The colonel said the military later learned all of the local residents had gathered in the monastery because the military’s troops planned to enter Mee Wa. He said the military arrested two people for spying on the military’s movements but declined to reveal their names. The colonel added that he was not aware of any civilians injured or killed but said those who sustained injuries “are likely to be affiliated with the AA.”
AA spokesperson Khaing Thukha told The Irrawaddy that there was no military engagement in Mee Wa Village on Tuesday, but said the AA had engaged with military troops in Minbya and Myebon townships.
“There was no fighting in Mee Wa last night,” he said. According to the spokesperson, there was fighting in Kyauktaw’s Tin Ma Village on Sept. 29, in Minbya’s Shwe Kyin Village on Sept. 30 and in Myebon Township for a week. In these clashes, the AA was either on the “defensive” or blocking the military’s operations in those areas, according to Khaing Thukha.
U Thein Ngwe Aung, an elder member of the Mee Wa community, said, “It was not fighting, It was one-sided shooting. We heard the sound of navy boat engines and then we heard the sound of guns firing.”
Col. Win Zaw Oo said the navy conducts patrols on a regular basis, sometimes using landing craft.
Local residents said military troops had also set up a base of operations on a hill to the south of the village and targeted the local monastery to the north of the village.
The shelling of Mee Wa on Tuesday is the latest in a series of alleged shellings and shootings by the Myanmar military against civilians in Rakhine State. In Kyauktaw Township alone, nearly three dozen people have been injured since June 26. Many of those wounded were hurt by shrapnel and bullets but others were injured after stepping on landmines, according to sources close to Kyauktaw General Hospital.
As recently as Sunday, mortar shelling destroyed houses in Mee Wa Village and injured three people.

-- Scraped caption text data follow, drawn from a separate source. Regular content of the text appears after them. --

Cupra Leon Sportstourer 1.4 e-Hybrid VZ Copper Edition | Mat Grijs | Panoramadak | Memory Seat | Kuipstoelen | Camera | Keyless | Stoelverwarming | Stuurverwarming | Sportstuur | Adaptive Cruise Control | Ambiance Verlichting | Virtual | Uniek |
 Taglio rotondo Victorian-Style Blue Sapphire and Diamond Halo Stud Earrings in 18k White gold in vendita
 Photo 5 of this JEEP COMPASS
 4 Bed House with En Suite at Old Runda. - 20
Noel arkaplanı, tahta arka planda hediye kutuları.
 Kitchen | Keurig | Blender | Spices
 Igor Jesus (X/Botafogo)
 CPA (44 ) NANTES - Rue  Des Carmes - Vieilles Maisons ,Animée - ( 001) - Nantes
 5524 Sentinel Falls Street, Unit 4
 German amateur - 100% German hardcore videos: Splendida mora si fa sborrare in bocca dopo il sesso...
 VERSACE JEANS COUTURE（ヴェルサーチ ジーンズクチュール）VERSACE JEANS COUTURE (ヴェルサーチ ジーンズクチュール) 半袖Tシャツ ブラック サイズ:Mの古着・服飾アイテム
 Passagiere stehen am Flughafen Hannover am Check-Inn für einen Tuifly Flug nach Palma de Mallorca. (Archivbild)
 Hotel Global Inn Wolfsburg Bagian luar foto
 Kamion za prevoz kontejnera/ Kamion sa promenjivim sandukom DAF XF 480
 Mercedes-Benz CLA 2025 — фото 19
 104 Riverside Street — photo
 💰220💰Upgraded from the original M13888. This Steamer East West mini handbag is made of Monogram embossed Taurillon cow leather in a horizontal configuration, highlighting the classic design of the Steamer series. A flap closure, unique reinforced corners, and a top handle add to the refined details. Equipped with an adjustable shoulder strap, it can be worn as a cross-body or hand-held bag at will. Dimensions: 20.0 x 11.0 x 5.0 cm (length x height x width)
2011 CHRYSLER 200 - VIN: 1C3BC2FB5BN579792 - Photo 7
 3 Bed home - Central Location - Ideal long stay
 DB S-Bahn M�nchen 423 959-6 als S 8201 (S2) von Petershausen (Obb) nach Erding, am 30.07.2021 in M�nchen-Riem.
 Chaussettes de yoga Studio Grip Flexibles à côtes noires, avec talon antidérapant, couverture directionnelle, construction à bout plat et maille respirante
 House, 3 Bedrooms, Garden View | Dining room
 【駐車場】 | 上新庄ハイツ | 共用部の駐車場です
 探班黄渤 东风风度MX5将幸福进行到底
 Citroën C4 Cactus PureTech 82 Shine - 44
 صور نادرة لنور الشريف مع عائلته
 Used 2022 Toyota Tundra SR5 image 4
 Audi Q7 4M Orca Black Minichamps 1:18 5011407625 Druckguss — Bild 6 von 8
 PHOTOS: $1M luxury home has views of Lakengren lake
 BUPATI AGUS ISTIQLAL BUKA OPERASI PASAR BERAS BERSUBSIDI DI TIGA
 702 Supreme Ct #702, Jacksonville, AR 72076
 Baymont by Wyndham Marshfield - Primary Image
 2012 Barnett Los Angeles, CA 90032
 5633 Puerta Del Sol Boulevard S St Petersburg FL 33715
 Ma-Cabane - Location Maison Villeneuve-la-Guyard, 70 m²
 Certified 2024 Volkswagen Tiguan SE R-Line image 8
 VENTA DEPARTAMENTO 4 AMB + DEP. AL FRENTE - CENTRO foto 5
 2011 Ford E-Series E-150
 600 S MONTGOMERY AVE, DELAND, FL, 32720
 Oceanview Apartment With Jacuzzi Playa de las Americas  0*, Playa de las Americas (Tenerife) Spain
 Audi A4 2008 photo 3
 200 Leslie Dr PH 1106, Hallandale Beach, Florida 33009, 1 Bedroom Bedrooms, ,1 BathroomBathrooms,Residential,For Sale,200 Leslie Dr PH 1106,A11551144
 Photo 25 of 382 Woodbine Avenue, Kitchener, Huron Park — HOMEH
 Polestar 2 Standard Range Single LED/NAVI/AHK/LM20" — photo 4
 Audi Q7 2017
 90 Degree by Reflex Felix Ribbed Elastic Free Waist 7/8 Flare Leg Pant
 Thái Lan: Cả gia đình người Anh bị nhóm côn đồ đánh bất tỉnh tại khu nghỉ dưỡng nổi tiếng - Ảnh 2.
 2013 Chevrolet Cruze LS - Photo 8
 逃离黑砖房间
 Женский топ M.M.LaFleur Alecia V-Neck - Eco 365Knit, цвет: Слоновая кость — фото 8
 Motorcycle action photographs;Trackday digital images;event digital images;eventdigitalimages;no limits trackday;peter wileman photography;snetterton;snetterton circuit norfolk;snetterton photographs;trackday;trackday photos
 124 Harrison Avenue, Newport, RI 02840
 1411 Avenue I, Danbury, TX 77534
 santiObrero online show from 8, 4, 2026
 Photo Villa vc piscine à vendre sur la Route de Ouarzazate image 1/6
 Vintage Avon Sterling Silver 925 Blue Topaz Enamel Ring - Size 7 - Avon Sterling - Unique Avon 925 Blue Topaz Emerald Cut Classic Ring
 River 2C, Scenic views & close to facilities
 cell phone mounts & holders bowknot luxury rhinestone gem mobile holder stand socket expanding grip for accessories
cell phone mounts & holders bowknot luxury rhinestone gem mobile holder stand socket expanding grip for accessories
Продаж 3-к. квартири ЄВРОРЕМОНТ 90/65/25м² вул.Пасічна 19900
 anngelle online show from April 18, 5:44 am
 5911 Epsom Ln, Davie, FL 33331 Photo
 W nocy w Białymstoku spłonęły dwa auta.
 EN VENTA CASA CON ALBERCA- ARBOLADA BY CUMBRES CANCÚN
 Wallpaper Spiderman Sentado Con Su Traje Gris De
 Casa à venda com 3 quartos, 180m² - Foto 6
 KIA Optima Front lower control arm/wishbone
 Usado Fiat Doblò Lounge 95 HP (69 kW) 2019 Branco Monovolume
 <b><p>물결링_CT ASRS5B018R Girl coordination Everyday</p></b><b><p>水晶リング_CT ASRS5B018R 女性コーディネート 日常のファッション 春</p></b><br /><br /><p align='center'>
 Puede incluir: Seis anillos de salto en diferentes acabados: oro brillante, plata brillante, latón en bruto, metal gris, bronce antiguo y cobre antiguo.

“My father and I were working on the farm,” he told the Irrawaddy on Tuesday. “My father was not injured. They fired mortars from a navy vessel at 8:00 a.m.”
He sought medical attention the next day and is still in Kyauktaw Hospital.
The mortar shelling continued in Kyuaktaw, Minbya and Myebon townships this week.
In Myebon’s Yoe Sa Nwin and Yet Chaung village-tracts, villagers have fled their homes out of fear because mortar shelling has targeted their villages since Sept. 21, according to a local resident as well as the Lower House lawmaker for Myebon, U Pe Than.
U Pe Than told The Irrawaddy that the number of people fleeing their homes in the active conflict zone has increased. A few hundred have arrived to seek shelter in downtown Myebon, he said.
“The artillery shelling has continued and there is also gunfire near Myebon’s villages along the Yangon-Sittwe highway,” he said.
According to a local resident of Yoe Sa Nwin, who requested anonymity, people from his village have been fleeing to Pin Kat Village in Myebon and other villages near the boundary between Myebon and Minbya townships.